Pocket, which lets you save articles and videos to view later, is introducing a paid option. Pocket Premium, which offers power users new features for archiving, searching, and tagging their saves, launches today for $5 a month or $44.99 a year. Seven years after the company began as a bookmarklet, and two years after making its apps free to build its base of customers, the save-for-later service says it's now big enough for a "freemium" business model to make sense. At a time when webpages routinely disappear without warning, Pocket is making a bet that users will pay for peace of mind. Whether the company is right will determine its fate as an independent business.
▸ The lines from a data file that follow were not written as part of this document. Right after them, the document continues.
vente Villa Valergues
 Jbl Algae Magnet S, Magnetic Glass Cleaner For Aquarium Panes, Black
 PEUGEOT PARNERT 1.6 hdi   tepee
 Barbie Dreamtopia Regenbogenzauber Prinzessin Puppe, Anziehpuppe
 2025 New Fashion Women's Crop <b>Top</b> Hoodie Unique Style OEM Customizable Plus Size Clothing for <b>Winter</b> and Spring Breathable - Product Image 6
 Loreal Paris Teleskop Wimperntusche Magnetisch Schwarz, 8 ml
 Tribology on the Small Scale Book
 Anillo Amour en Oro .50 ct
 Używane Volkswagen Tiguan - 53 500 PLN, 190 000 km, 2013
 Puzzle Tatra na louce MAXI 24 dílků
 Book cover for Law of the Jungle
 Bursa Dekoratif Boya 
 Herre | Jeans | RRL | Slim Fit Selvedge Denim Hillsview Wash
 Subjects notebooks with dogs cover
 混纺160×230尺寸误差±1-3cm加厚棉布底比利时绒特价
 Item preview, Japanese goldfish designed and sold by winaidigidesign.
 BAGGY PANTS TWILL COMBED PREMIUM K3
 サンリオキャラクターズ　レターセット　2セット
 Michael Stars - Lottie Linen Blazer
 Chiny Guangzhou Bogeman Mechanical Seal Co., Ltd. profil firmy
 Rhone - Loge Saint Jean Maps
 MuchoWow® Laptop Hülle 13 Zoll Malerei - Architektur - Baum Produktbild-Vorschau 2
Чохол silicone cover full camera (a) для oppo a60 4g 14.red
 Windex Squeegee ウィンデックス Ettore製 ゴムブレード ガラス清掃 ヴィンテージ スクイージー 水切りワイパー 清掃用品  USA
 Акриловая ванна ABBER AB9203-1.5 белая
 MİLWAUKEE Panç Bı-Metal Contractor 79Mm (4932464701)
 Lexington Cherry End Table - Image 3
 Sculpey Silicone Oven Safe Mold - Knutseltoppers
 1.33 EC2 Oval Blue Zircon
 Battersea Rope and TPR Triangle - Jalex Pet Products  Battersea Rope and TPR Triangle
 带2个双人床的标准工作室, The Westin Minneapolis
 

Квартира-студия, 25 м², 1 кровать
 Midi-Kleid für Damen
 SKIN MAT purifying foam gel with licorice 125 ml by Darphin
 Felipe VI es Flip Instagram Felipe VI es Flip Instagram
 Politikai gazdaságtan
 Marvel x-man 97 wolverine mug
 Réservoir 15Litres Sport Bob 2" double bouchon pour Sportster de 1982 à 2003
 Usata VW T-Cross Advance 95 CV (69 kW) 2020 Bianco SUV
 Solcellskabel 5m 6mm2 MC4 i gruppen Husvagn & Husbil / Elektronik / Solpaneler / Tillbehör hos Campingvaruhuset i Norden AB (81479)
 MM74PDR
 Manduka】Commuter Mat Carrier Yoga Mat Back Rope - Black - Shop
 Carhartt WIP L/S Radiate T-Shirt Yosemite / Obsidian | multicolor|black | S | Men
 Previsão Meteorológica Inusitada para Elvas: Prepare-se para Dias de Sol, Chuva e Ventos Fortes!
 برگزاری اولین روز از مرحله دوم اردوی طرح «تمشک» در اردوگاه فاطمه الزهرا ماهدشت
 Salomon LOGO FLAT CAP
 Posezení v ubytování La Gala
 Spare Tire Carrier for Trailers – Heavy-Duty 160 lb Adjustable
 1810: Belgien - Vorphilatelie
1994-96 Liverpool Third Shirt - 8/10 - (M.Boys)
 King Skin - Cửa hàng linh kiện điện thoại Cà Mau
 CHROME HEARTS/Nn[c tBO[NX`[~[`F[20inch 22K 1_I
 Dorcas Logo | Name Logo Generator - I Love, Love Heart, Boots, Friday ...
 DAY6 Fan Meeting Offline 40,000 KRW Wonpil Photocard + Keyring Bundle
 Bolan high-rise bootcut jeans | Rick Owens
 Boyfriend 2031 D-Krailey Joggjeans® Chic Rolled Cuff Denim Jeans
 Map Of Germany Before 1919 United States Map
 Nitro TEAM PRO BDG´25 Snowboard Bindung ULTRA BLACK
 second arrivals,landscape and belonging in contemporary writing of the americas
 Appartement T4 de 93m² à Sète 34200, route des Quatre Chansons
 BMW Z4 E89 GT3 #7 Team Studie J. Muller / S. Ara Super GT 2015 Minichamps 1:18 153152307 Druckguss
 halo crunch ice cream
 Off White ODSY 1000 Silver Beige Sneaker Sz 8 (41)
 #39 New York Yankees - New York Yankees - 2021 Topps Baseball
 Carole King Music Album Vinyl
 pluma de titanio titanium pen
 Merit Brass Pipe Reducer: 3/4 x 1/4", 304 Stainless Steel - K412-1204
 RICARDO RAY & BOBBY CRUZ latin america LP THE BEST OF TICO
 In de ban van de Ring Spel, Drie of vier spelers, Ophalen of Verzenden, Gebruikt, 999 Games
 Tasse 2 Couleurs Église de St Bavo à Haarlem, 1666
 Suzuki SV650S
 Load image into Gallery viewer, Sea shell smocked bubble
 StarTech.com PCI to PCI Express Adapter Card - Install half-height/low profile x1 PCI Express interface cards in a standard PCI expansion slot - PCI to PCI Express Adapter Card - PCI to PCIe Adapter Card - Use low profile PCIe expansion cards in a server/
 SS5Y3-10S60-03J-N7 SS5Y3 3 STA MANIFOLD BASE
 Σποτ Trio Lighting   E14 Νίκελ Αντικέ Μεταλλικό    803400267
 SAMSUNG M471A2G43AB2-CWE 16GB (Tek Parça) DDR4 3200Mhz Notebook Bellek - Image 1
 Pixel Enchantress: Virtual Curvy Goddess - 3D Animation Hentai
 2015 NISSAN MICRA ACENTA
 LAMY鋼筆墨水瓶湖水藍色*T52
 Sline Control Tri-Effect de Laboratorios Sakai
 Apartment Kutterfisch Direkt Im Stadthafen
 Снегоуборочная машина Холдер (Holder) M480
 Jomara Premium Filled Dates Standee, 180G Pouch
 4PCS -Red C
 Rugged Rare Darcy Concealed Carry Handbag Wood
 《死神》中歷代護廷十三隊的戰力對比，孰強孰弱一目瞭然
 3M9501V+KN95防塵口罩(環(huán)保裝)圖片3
Starting today, Pocket users can purchase a premium subscription through its website, Apple's App Store, or Google Play. It's a model that closely resembles that of Evernote, which once tried to acquire Pocket and has remained a partner. Most freemium services only manage to get 5 percent or less of their users to pay for bonus features. Instapaper, Pocket’s best-known rival, has long offered a subscription for users who want full-text search, third-party integrations, and no ads, among other features. But Instapaper remains a fraction of Pocket’s size — it had 2 million users at the end of 2011, the last time it disclosed that number, and its Android app has fewer than 50,000 installs. Instapaper, which was created by Marco Arment, is now owned by Betaworks, which says it wants the app to become “the Dropbox for web content.”